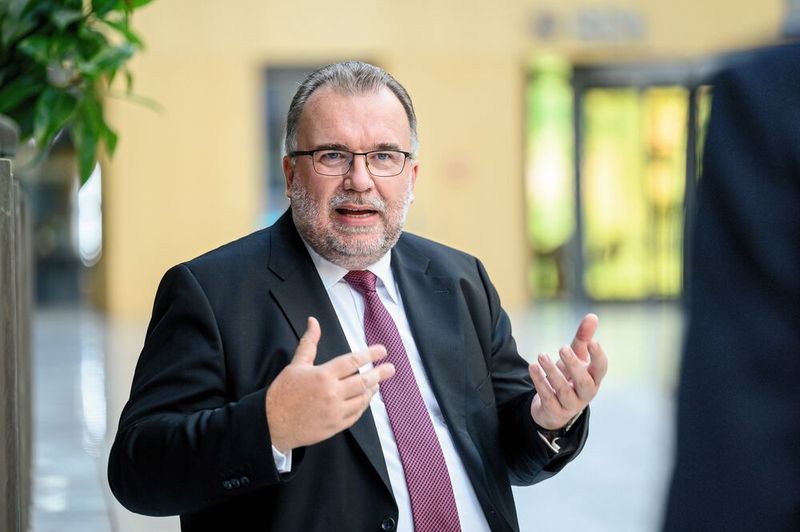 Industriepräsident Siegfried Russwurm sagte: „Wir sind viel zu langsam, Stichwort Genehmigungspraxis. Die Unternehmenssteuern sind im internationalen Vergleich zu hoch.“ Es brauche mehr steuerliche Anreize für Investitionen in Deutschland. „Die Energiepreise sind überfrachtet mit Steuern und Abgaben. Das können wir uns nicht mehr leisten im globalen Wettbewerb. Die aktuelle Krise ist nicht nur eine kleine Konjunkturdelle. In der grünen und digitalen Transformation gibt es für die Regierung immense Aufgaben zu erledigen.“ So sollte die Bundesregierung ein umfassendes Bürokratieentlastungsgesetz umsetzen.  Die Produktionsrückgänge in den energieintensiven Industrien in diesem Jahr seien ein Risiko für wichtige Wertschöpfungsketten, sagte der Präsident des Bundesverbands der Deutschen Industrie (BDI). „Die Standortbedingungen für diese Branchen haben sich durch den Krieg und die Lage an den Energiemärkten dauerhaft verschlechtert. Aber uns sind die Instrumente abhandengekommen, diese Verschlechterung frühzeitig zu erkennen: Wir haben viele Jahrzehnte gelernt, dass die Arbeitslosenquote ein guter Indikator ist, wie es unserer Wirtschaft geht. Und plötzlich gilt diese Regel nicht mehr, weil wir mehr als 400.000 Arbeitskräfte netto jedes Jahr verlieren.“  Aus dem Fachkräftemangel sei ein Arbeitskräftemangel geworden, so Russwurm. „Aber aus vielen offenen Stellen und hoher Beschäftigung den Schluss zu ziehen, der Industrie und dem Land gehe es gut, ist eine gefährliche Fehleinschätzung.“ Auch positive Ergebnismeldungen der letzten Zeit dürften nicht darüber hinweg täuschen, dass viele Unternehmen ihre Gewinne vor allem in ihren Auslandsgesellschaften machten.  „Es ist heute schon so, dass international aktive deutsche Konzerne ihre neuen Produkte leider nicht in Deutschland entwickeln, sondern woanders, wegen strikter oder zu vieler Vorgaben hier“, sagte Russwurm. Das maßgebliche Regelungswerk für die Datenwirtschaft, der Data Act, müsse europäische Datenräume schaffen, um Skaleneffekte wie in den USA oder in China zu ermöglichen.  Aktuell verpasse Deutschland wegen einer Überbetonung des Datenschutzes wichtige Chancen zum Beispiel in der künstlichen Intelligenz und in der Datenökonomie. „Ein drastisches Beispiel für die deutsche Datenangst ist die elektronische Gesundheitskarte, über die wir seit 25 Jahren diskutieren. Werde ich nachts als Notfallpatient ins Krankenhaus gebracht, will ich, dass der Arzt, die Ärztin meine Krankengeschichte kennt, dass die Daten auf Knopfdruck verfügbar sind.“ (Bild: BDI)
...
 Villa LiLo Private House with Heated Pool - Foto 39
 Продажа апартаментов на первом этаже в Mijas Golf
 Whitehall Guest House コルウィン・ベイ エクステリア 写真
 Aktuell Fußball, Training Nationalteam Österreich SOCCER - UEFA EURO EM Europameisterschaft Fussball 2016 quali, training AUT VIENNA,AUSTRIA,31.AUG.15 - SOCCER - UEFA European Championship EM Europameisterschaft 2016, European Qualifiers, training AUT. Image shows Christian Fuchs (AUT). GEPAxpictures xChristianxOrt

Exercise:
Copy verbatim, from the listing above, each line from the one containing "Whitehall Guest House コルウィン・ベイ エクステリア 写真" down to the one containing "Aktuell Fußball, Training", inclusive.

Response for this exercise:
 Whitehall Guest House コルウィン・ベイ エクステリア 写真
 Aktuell Fußball, Training Nationalteam Österreich SOCCER - UEFA EURO EM Europameisterschaft Fussball 2016 quali, training AUT VIENNA,AUSTRIA,31.AUG.15 - SOCCER - UEFA European Championship EM Europameisterschaft 2016, European Qualifiers, training AUT. Image shows Christian Fuchs (AUT). GEPAxpictures xChristianxOrt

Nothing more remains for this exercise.